[Opening Available data section]

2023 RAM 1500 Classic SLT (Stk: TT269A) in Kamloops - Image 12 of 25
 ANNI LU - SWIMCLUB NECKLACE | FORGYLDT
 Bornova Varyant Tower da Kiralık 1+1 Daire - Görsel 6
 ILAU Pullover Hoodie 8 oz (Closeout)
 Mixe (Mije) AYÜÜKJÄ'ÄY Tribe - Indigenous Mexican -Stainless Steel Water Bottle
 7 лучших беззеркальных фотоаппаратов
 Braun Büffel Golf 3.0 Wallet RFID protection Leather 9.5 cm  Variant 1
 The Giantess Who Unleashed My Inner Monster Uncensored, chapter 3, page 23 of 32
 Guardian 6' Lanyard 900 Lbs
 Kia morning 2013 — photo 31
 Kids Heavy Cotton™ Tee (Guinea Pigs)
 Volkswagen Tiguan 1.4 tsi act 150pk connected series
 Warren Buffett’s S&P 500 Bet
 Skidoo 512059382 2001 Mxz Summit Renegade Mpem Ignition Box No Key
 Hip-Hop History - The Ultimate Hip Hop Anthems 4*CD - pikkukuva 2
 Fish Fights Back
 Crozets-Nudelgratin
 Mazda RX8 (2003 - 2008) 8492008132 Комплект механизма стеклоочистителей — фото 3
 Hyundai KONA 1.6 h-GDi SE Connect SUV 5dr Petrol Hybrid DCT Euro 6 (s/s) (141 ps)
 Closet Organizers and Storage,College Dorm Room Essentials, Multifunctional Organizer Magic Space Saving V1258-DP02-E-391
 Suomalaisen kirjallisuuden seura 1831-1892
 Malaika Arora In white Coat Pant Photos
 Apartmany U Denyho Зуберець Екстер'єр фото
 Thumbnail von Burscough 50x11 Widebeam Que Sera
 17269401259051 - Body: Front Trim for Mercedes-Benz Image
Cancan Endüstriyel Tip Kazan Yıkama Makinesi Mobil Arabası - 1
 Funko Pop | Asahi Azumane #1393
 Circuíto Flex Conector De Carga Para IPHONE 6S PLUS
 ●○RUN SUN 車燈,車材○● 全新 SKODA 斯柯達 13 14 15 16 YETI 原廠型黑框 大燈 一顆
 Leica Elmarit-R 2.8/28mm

[Closing Available data section]

▸ **Problem requirements**
Reproduce, with no other lines, the run of lines that begins with the one containing "The Giantess Who" and ends with the last line of the material.

▸ **Response to this exercise**
 The Giantess Who Unleashed My Inner Monster Uncensored, chapter 3, page 23 of 32
 Guardian 6' Lanyard 900 Lbs
 Kia morning 2013 — photo 31
 Kids Heavy Cotton™ Tee (Guinea Pigs)
 Volkswagen Tiguan 1.4 tsi act 150pk connected series
 Warren Buffett’s S&P 500 Bet
 Skidoo 512059382 2001 Mxz Summit Renegade Mpem Ignition Box No Key
 Hip-Hop History - The Ultimate Hip Hop Anthems 4*CD - pikkukuva 2
 Fish Fights Back
 Crozets-Nudelgratin
 Mazda RX8 (2003 - 2008) 8492008132 Комплект механизма стеклоочистителей — фото 3
 Hyundai KONA 1.6 h-GDi SE Connect SUV 5dr Petrol Hybrid DCT Euro 6 (s/s) (141 ps)
 Closet Organizers and Storage,College Dorm Room Essentials, Multifunctional Organizer Magic Space Saving V1258-DP02-E-391
 Suomalaisen kirjallisuuden seura 1831-1892
 Malaika Arora In white Coat Pant Photos
 Apartmany U Denyho Зуберець Екстер'єр фото
 Thumbnail von Burscough 50x11 Widebeam Que Sera
 17269401259051 - Body: Front Trim for Mercedes-Benz Image
Cancan Endüstriyel Tip Kazan Yıkama Makinesi Mobil Arabası - 1
 Funko Pop | Asahi Azumane #1393
 Circuíto Flex Conector De Carga Para IPHONE 6S PLUS
 ●○RUN SUN 車燈,車材○● 全新 SKODA 斯柯達 13 14 15 16 YETI 原廠型黑框 大燈 一顆
 Leica Elmarit-R 2.8/28mm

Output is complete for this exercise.